Bessent, a former hedge fund manager who has worked in finance his entire adult life, owns up to $25 million worth of farmland in North Dakota that generates up to $1 million a year in rental income, financial disclosure forms show. During his confirmation hearings, Bessent vowed that if confirmed, he would divest these assets. But a year later, Bessent still owns interests in several assets, including his farmland.
“I have initiated the process of finding buyers for these private assets, but all three assets are private investments for which there is no liquid market for their resale,” Bessent wrote in a June letter to the Treasury Department's ethics office regarding assets he has not yet sold, including farmland, a flavored water company and a pharmaceuticals company. for clinical trials.
Bessent claims he has sold 96 percent of his assets to which he was obligated and says he is working to sell them completely by Dec. 15.

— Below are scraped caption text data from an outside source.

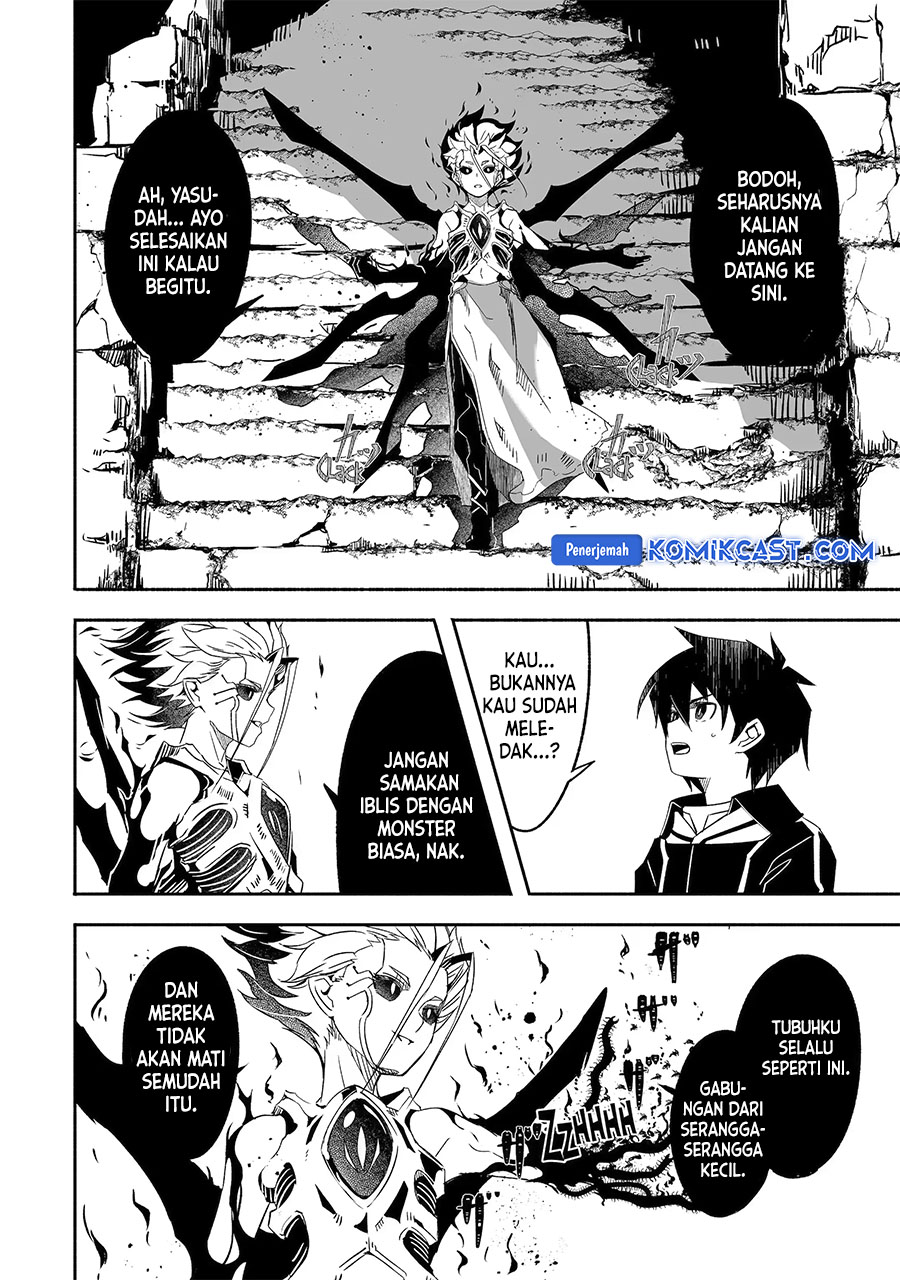 Chapter 24.1 - halaman 8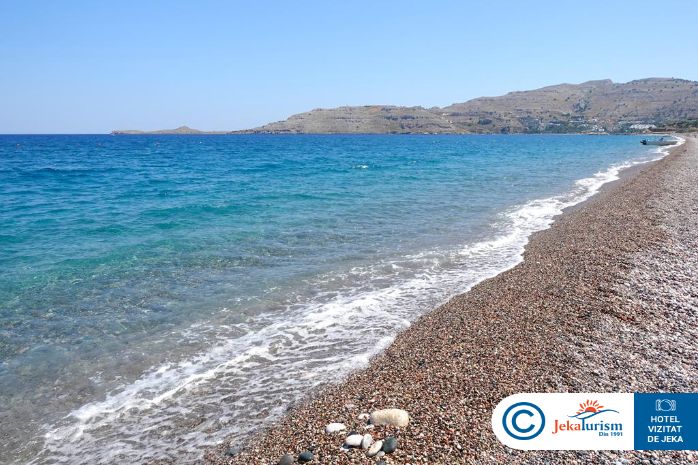 Poze Atrium Palace Thalasso Spa Resort & Villas 29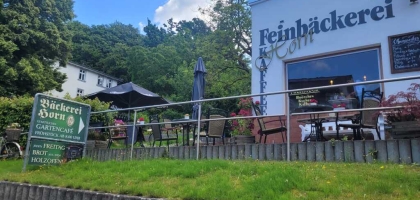 Fotoalbum: User Fotos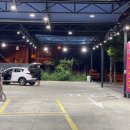 새차만들기셀프세차장 이미지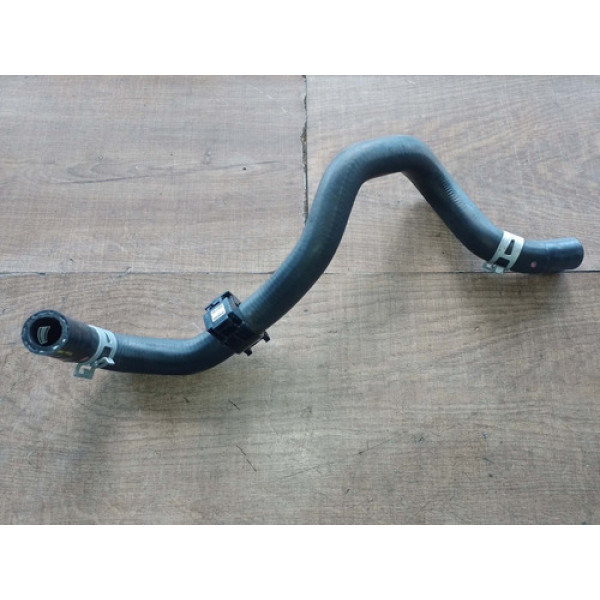 Mangueira Água Motor Toyota Yaris 1.5 2019 Automático 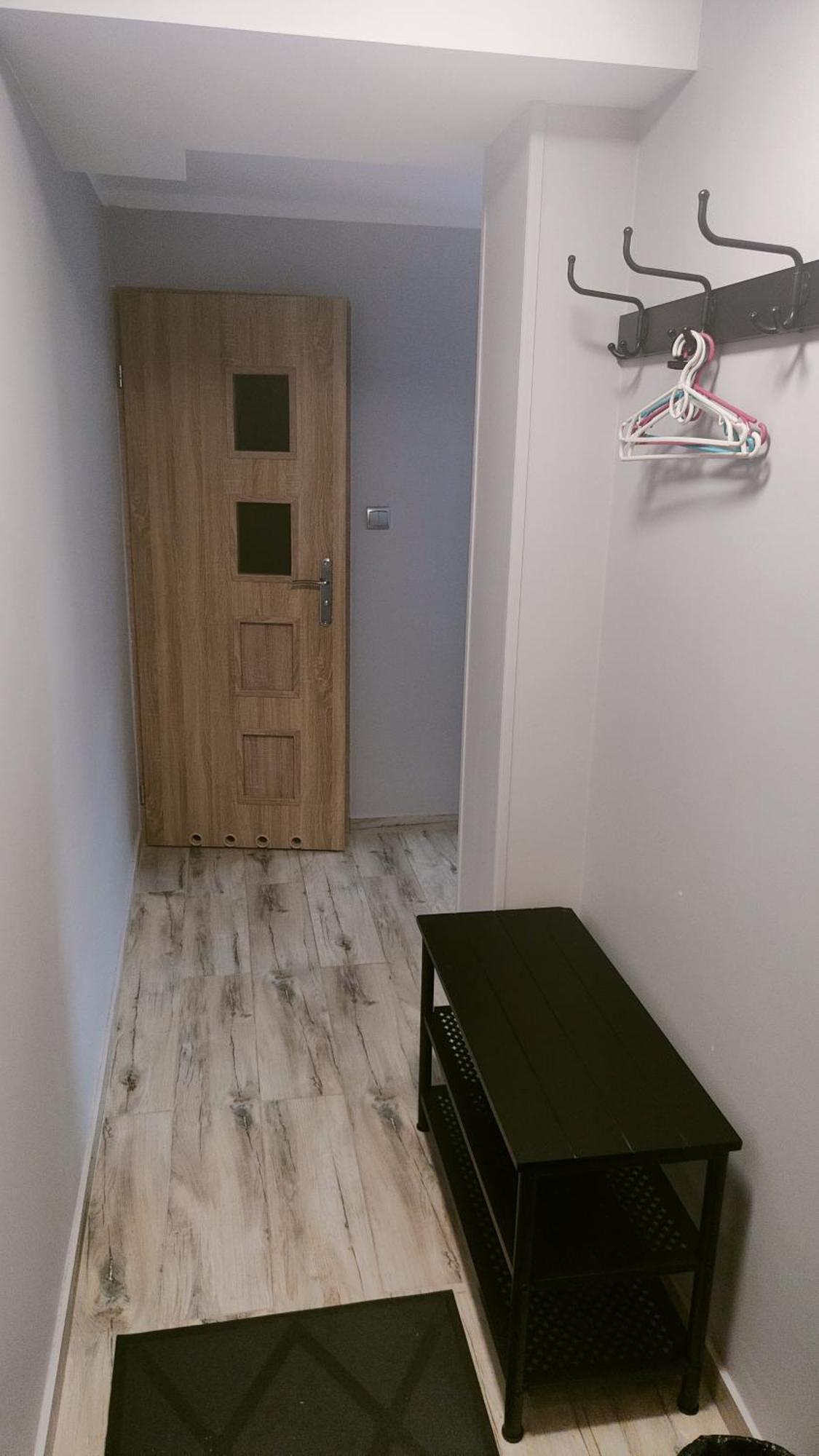 Pokoje Mira Torzym Dış mekan fotoğraf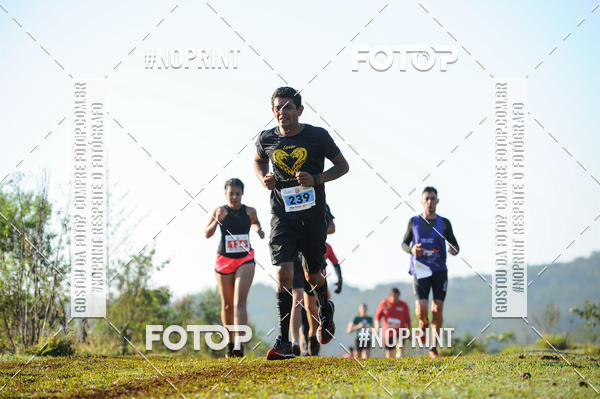 Buy your photos of the eventCIRCUITO DECATHLON OFF ROAD - LONDRINA - FAZENDA REFGIO  2019 on Fotop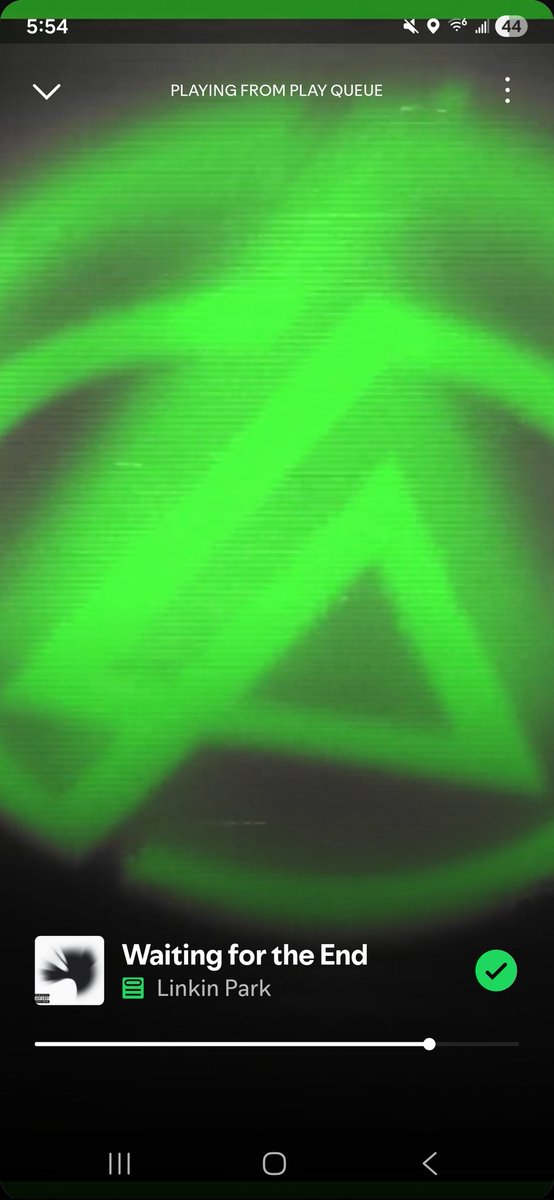 Is this the best song ever made? I think so.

Bessent's investments raise a number of concerns, including among Treasury Department ethics officials, who wrote in letter Republican Senate Finance Committee Chairman Mike Crapo: “This [Bessent’s] personal responsibility to avoid any action that could create a real or apparent conflict of interest with respect to its assets.”
Bessent's refusal to fully sell his assets is just one example violated ethics What determine this administration.
As Senator Ron Wyden, the ranking Democratic member of the Finance Committee, noted: said To New York Times“If these guys had thought about cleaning up the stench of corruption from this administration, the Treasury Secretary wouldn't have to choose which ethical requirements to follow and which to ignore.”